Despite Ryan Cohen’s exodus from BBBY, retail investors are still interested in the stock. Here’s what investors should know.
Bed Bath & Beyond has been an obvious short-selling target thanks to its deteriorating business fundamentals.
However, there are many risks involved in short selling a stock. That’s even more true for meme stocks.
With Bed Bath & Beyond’s popularity among retail investors growing, it may not be game-over for BBBY yet.
Why Are Short Sellers Targeting BBBY?
At first glance, Bed Bath & Beyond Inc (NASDAQ: BBBY) might seem like a no-brainer short play. There are a number of reasons why. Among them:
Cumulative negative earnings over the last few years; earnings yield of -72%
Seven earnings misses in the previous 10 quarters
Return on invested capital (ROIC) of -26%
Liquidity down sharply to its worst level in at least the last 10 years
Cash burn of roughly half-a-billion dollars in the first quarter
Total equity debt at the highest level in the company’s history
It’s no wonder that Bed Bath & Beyond’s short float is nearly 40%.
Of course, there’s another big reason why BBBY is so attractive to short sellers: Bed Bath & Beyond doesn’t have any clear prospects for achieving profitability in the short term.
The company reported a drop in sales growth of 25% last year, compared to an industry high of 61%.
Next year, Bed Bath & Beyond’s sales are expected to grow 1.7% – which is better than the industry-wide expectation of a 0.6% decrease. Still, it is not enough.
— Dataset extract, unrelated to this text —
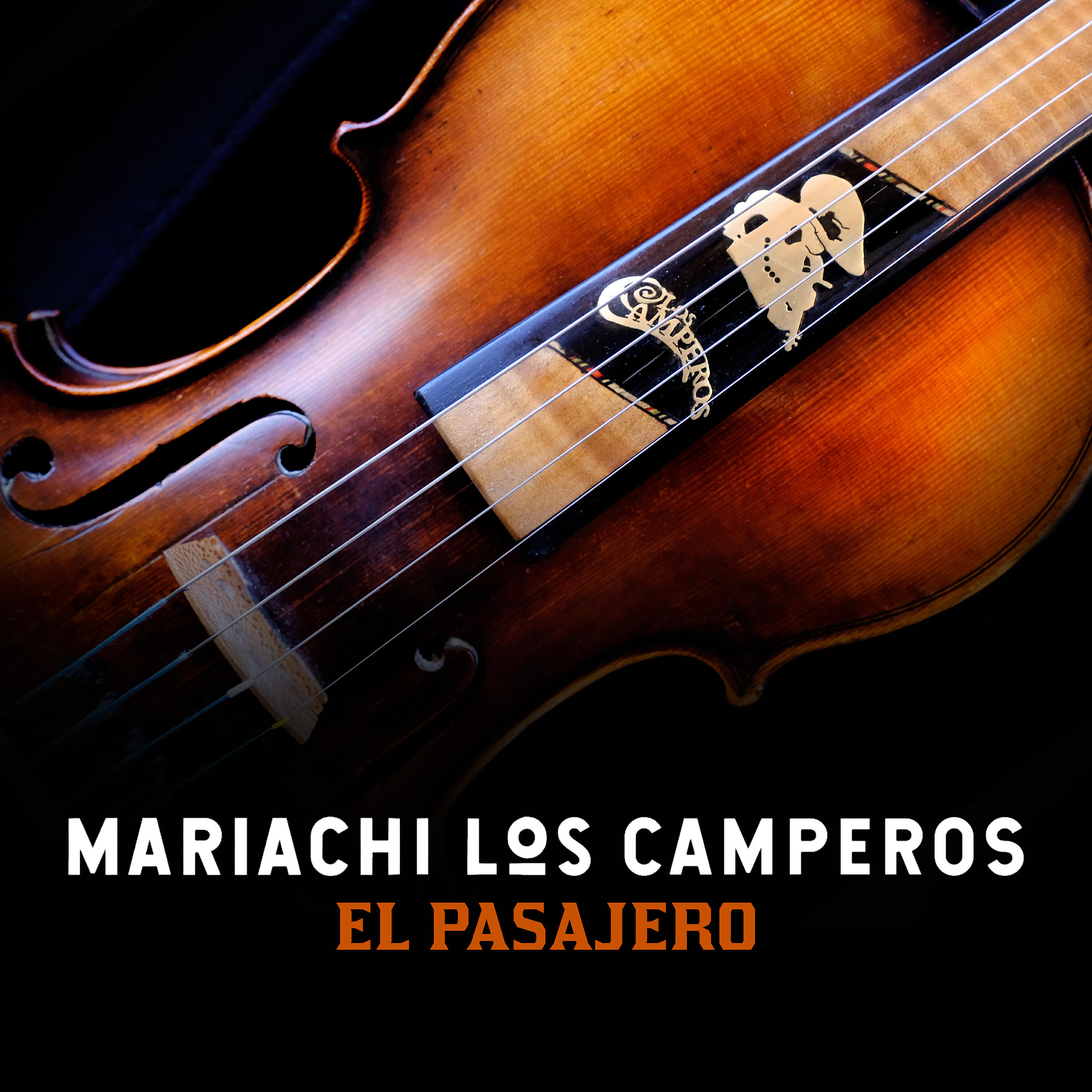 Релиз El Pasajero (The Passerby)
What Are the Risks of Shorting a Stock?
Short selling involves risks such as limitless losses, which do not exist in long positions where the maximum downside is the cost of your initial investment. If you open a short position in a stock that continues to rise, you will need to cover the difference to replace the borrowed shares.
In addition, borrow fees can vary, depending on the demand for short positions in a particular stock. It’s not uncommon for a short position’s borrow fee rate to rise from 20% to 40% — or even 80% — overnight.